1. Define the goal(s) for what you are looking to accomplish
If you are the world’s greatest pub chain, you want to make sure that the things your team is innovating on are somewhat related to what business you are actually in. It isn’t helpful to the pub chain owners to get an idea back for how to reinvent the wooden horse. The goals you set don’t need to be tied to financials, bottom line, or anything that directly impacts the business today. However, there should be some guidance as to what you want to learn as an organization, and what the overall goals of the company are. When those are established, you can let your team come up with innovative ideas that roll up to those goals.

2. Allocate resources dedicated to innovation/R&D
For larger organizations with large departments, huge budgets, and plenty of room for error, this may seem easy. In fact, many large corporations already have their own innovation labs or departments. For the mid-market with smaller budgets and many people wearing multiple hats, this can be more difficult. You don’t have to have a full-time resource devoted to innovation, you could allow your team X hours/month toward coming up with new ideas, testing, and learning from the execution of those ideas. If you don’t have the resources in-house and everyone is already stretched too thin, consider bringing in outsiders (typically agencies or consultants) to help with innovation.

3. Create a structure for innovation
People just going off into left field and coming up with ideas isn’t helpful if there isn’t a way to consolidate, prioritize, and test those ideas. Come up with a way for those ideas to be submitted, reviewed, and prioritized. Some companies incentivize innovative ideas — coming up with internal contests and compensating those that come up with ideas that are then accepted and implemented.

4. Have a test and learn strategy
This is where the rubber meets the road. Many companies fail at this step. This is where you have to be air-tight on communicating internally what will be tested, and what the test and learn roadmap looks like. Come up with a prioritized timeline with the metrics you want to measure.
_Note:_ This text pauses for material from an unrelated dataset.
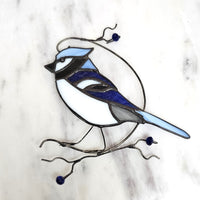 Stained Glass Bluejay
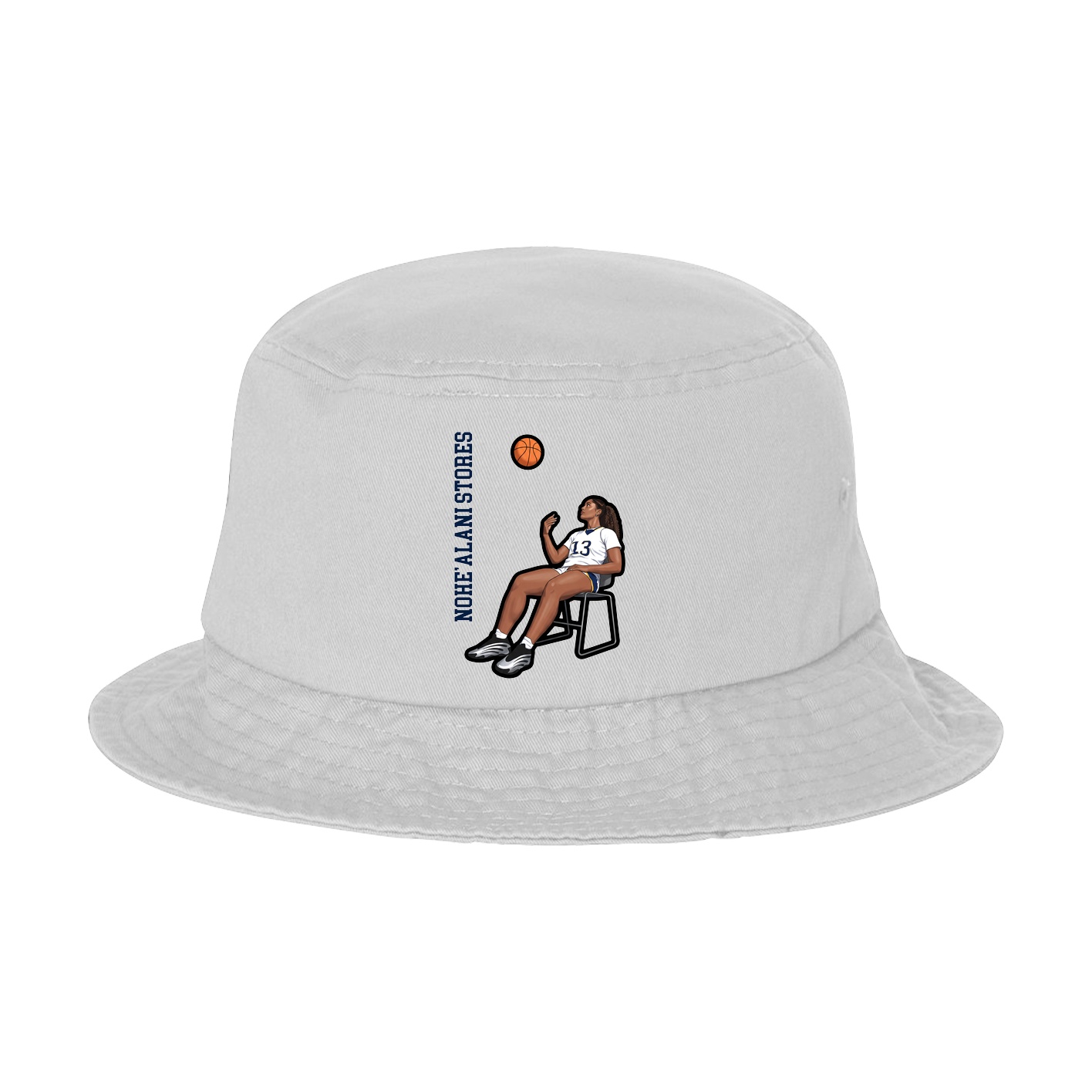 Bucket Cap — Name Vertical in White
Keep in mind, these metrics should not always be the same as the metrics you measure on your core marketing activities. If they are, you may not be testing the boundaries of innovation. A metric could even be “will this technology even work for us?”, or “how could this impact our user base?” — not necessarily how it will affect top/bottom line growth.

5. Embrace and encourage failure
As we all know, no one has ever done anything great without failing time and time before reaching success. We learn more from failure than we do success. Push your teams to try things without boundaries (although make sure they have clear direction) and praise them for their learnings from failing. This can be scary for organizations that have bottom line numbers they have to hit, especially when you as the marketing leader have to report on where your dollars are being spent, but if you are managing up correctly, you should be able to navigate the corporate waters and explain that the purpose of innovating is to find things that will fail so you can narrow your focus on embracing new ideas that will drive overall business success.

Some of this may sound somewhat elementary and I think we all know in the back of our heads that these are steps we must take to innovate, but still, many marketers are still so focused on driving business results (for brands) or billable hours (for agencies and providers) that we often shy away from trying new things. We all know the risks of not innovating, but will we wait until it’s too late to say “I wish we had…”?